Emile Durkheim
A. The Division of Labor in Society
The Division of Labor in Society (Durkheim. 1893/ 1964) dikenal sebagai karya sosiologi klasik pertama (Tiryakian, 1994). Didalamnya, Durkheim melacak perkembangan modern relasasi individu denganmasyarakat. Dalam karya ini Durkheim terutama ingin menggunakan ilmu sosiologis barunya untuk meneliti sesuatu yang sering dilihat sebagai krisis moralitas. Pada pendahuluan edisi pertama karyanya ini, Durkheim memulai dengan ungkapan, " Buku ini adalah sebuah karya yang membahas fakta kehidupan moral berdasarkan metode ilmu positivistik.
Durkheim berpendapat bahwa pembagian kerja yang tinggi bukannya menandai keruntuhan moral sosial, melainkan melahirkan moralitas sosial jenis baru.
Tesis The Division of labor adalah bahwa masyarakat modern tidak diikat oleh kesamaan antara orang - orang yang melakukan pekerjaan yang sama, akan tetapi pembagian kerjalah yang mengikat masyrakat dengan memaksa mereka agar tergantung satu sama lain. Kelihatannya pembagian kerja memang menjadi tuntutan ekonomi yang merusak solidaritas sosial,akan tetapi Durkheim (1893/1964: 17) berpendapat bahwa "fungsi ekonomis yang dimainkan oleh pembagian kerja ini tidak penting dibandingkan dengan efek moralitas yang dihasilkannya. Maka fungsi sesungguhnya dari pembagian kerja adalah untuk menciptakkan solidaritas antara dua orang atau lebih."

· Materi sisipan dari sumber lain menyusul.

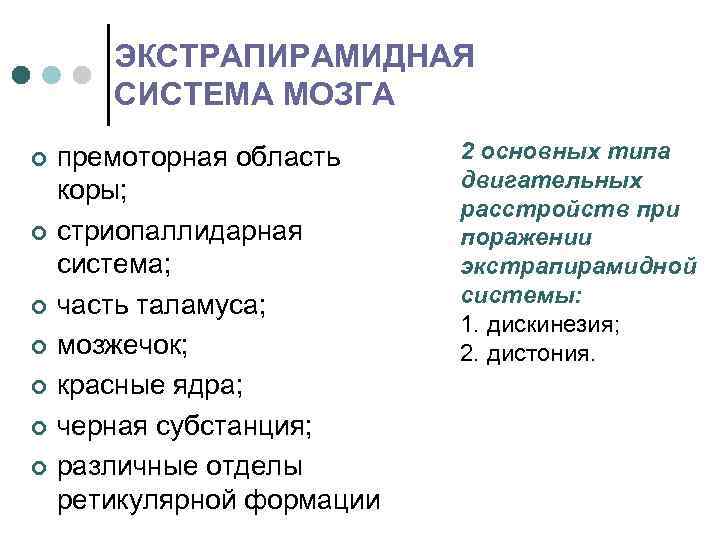 ЭКСТРАПИРАМИДНАЯ СИСТЕМА МОЗГА ¢ ¢ ¢ ¢ премоторная область коры; стриопаллидарная система; часть таламуса;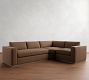 Carmel Wide Arm Leather Wood Base 3-Piece Wedge Sectional (123")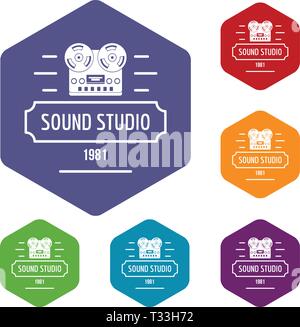 Retro sound studio icons vector colorful hexahedron set collection isolated on white Stock Vector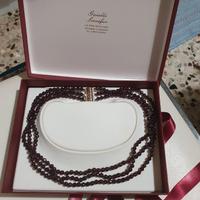 Collana a tre fili paralleli di granato naturale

B. Elementary Forms of Religious Life
Dalam buku ini, Durkheim menempatkan sosiologi agama dan teori pengetahuan di bagian depan. Sosiologi agamanya terdiri dari dari usaha mengidentifikasi hakikat agama yang selalu ada sepanjang zaman dengan menganalisis bentuk-bentuk agama yang paling primitif. Sementara teori pengetahuannnya berusaha menghubungkan kategori-kategori fundamental pikiran manusia dengan asal-muasal sosial mereka.
Teori agama Durkheim, Masyrakat (melalui individu) menciptakan agama dengan mendefinisikan fenomena tertentu sebagai sesuatu yang sakral sementara yang lain sebagai profan. Aspek realitas sosial yang didefinisikan dan dianggap sakral inilah -yaitu sesuatu yang terpisah dari peristiwa sehari-hari yang membentuk esensi agama. Segala sesuatu yang selainnya didefiniskan dan dianggap profan-tempat umum, suatu yang bisa dipakai, aspek kehidupan duniawi. Di satu pihak, yang sakral-melahirkan sikap hormat, kagum dan tanggung jawab. Dipihak lain, sikap-sikap terhadap fenomena inilah yang membuatnya dari profan menjadi sakral.